** DATA UNDER STUDY follows **

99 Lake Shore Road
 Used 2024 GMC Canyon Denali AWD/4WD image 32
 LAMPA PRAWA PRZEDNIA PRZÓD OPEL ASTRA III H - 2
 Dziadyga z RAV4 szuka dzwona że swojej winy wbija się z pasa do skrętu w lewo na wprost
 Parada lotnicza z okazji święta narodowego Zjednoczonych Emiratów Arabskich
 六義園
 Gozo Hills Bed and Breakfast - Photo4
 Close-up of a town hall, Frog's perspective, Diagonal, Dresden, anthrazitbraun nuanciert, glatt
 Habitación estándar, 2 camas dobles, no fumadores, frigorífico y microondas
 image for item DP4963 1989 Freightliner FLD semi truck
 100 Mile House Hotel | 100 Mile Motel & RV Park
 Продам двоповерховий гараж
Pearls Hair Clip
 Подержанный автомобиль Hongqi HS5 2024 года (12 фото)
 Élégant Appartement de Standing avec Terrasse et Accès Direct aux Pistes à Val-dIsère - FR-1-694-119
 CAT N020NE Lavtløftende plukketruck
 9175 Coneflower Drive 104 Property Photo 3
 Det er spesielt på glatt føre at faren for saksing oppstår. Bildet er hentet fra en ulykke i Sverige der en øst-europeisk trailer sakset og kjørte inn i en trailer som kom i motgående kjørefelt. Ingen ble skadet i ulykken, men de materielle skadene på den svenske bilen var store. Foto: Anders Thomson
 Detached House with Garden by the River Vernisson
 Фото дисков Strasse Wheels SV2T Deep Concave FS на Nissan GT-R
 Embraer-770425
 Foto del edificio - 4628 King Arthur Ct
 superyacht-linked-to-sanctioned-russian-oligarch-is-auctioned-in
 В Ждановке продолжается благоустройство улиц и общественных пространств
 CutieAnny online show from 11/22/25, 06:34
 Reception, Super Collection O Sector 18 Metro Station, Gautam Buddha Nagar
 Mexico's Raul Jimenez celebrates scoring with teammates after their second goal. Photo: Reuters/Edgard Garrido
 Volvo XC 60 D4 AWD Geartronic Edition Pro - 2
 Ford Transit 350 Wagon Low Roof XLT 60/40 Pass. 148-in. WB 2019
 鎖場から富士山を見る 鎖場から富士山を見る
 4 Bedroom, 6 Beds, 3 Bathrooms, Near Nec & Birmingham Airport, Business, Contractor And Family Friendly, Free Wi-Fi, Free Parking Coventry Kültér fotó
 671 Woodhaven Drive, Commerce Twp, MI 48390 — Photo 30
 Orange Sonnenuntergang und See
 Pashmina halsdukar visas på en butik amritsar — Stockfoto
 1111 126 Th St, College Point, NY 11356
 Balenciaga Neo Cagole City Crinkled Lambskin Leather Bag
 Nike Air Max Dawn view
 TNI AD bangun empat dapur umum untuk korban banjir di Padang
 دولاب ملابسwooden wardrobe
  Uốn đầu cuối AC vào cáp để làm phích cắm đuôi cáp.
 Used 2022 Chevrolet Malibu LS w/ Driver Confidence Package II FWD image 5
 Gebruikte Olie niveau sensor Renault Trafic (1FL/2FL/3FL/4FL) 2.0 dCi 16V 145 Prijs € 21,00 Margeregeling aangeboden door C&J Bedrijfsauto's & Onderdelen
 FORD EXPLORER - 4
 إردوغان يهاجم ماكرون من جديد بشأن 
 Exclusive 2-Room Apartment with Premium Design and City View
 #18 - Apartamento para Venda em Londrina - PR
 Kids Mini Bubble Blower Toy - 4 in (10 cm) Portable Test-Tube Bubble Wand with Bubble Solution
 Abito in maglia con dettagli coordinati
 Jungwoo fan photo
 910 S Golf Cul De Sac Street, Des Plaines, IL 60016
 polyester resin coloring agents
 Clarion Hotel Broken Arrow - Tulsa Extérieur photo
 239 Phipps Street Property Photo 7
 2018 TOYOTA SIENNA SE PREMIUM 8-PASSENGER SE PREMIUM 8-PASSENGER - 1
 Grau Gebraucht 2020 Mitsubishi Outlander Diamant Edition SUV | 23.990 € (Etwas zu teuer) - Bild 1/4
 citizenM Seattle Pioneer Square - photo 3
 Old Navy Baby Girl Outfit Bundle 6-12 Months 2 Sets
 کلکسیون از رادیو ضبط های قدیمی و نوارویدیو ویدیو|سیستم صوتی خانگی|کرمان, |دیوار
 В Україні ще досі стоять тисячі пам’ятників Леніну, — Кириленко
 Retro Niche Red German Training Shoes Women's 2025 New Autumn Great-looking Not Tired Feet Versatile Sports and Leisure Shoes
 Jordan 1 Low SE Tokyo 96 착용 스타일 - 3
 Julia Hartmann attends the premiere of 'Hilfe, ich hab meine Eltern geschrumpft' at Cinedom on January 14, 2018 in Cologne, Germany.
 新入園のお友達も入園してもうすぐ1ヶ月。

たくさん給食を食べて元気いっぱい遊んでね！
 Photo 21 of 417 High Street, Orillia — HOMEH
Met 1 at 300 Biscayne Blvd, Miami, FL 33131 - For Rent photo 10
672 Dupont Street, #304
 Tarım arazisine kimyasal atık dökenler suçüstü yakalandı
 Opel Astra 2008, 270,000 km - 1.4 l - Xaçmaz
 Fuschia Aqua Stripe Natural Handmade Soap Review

** End of DATA UNDER STUDY **

The entries shown above must be restated word for word.

99 Lake Shore Road
 Used 2024 GMC Canyon Denali AWD/4WD image 32
 LAMPA PRAWA PRZEDNIA PRZÓD OPEL ASTRA III H - 2
 Dziadyga z RAV4 szuka dzwona że swojej winy wbija się z pasa do skrętu w lewo na wprost
 Parada lotnicza z okazji święta narodowego Zjednoczonych Emiratów Arabskich
 六義園
 Gozo Hills Bed and Breakfast - Photo4
 Close-up of a town hall, Frog's perspective, Diagonal, Dresden, anthrazitbraun nuanciert, glatt
 Habitación estándar, 2 camas dobles, no fumadores, frigorífico y microondas
 image for item DP4963 1989 Freightliner FLD semi truck
 100 Mile House Hotel | 100 Mile Motel & RV Park
 Продам двоповерховий гараж
Pearls Hair Clip
 Подержанный автомобиль Hongqi HS5 2024 года (12 фото)
 Élégant Appartement de Standing avec Terrasse et Accès Direct aux Pistes à Val-dIsère - FR-1-694-119
 CAT N020NE Lavtløftende plukketruck
 9175 Coneflower Drive 104 Property Photo 3
 Det er spesielt på glatt føre at faren for saksing oppstår. Bildet er hentet fra en ulykke i Sverige der en øst-europeisk trailer sakset og kjørte inn i en trailer som kom i motgående kjørefelt. Ingen ble skadet i ulykken, men de materielle skadene på den svenske bilen var store. Foto: Anders Thomson
 Detached House with Garden by the River Vernisson
 Фото дисков Strasse Wheels SV2T Deep Concave FS на Nissan GT-R
 Embraer-770425
 Foto del edificio - 4628 King Arthur Ct
 superyacht-linked-to-sanctioned-russian-oligarch-is-auctioned-in
 В Ждановке продолжается благоустройство улиц и общественных пространств
 CutieAnny online show from 11/22/25, 06:34
 Reception, Super Collection O Sector 18 Metro Station, Gautam Buddha Nagar
 Mexico's Raul Jimenez celebrates scoring with teammates after their second goal. Photo: Reuters/Edgard Garrido
 Volvo XC 60 D4 AWD Geartronic Edition Pro - 2
 Ford Transit 350 Wagon Low Roof XLT 60/40 Pass. 148-in. WB 2019
 鎖場から富士山を見る 鎖場から富士山を見る
 4 Bedroom, 6 Beds, 3 Bathrooms, Near Nec & Birmingham Airport, Business, Contractor And Family Friendly, Free Wi-Fi, Free Parking Coventry Kültér fotó
 671 Woodhaven Drive, Commerce Twp, MI 48390 — Photo 30
 Orange Sonnenuntergang und See
 Pashmina halsdukar visas på en butik amritsar — Stockfoto
 1111 126 Th St, College Point, NY 11356
 Balenciaga Neo Cagole City Crinkled Lambskin Leather Bag
 Nike Air Max Dawn view
 TNI AD bangun empat dapur umum untuk korban banjir di Padang
 دولاب ملابسwooden wardrobe
  Uốn đầu cuối AC vào cáp để làm phích cắm đuôi cáp.
 Used 2022 Chevrolet Malibu LS w/ Driver Confidence Package II FWD image 5
 Gebruikte Olie niveau sensor Renault Trafic (1FL/2FL/3FL/4FL) 2.0 dCi 16V 145 Prijs € 21,00 Margeregeling aangeboden door C&J Bedrijfsauto's & Onderdelen
 FORD EXPLORER - 4
 إردوغان يهاجم ماكرون من جديد بشأن 
 Exclusive 2-Room Apartment with Premium Design and City View
 #18 - Apartamento para Venda em Londrina - PR
 Kids Mini Bubble Blower Toy - 4 in (10 cm) Portable Test-Tube Bubble Wand with Bubble Solution
 Abito in maglia con dettagli coordinati
 Jungwoo fan photo
 910 S Golf Cul De Sac Street, Des Plaines, IL 60016
 polyester resin coloring agents
 Clarion Hotel Broken Arrow - Tulsa Extérieur photo
 239 Phipps Street Property Photo 7
 2018 TOYOTA SIENNA SE PREMIUM 8-PASSENGER SE PREMIUM 8-PASSENGER - 1
 Grau Gebraucht 2020 Mitsubishi Outlander Diamant Edition SUV | 23.990 € (Etwas zu teuer) - Bild 1/4
 citizenM Seattle Pioneer Square - photo 3
 Old Navy Baby Girl Outfit Bundle 6-12 Months 2 Sets
 کلکسیون از رادیو ضبط های قدیمی و نوارویدیو ویدیو|سیستم صوتی خانگی|کرمان, |دیوار
 В Україні ще досі стоять тисячі пам’ятників Леніну, — Кириленко
 Retro Niche Red German Training Shoes Women's 2025 New Autumn Great-looking Not Tired Feet Versatile Sports and Leisure Shoes
 Jordan 1 Low SE Tokyo 96 착용 스타일 - 3
 Julia Hartmann attends the premiere of 'Hilfe, ich hab meine Eltern geschrumpft' at Cinedom on January 14, 2018 in Cologne, Germany.
 新入園のお友達も入園してもうすぐ1ヶ月。

たくさん給食を食べて元気いっぱい遊んでね！
 Photo 21 of 417 High Street, Orillia — HOMEH
Met 1 at 300 Biscayne Blvd, Miami, FL 33131 - For Rent photo 10
672 Dupont Street, #304
 Tarım arazisine kimyasal atık dökenler suçüstü yakalandı
 Opel Astra 2008, 270,000 km - 1.4 l - Xaçmaz
 Fuschia Aqua Stripe Natural Handmade Soap Review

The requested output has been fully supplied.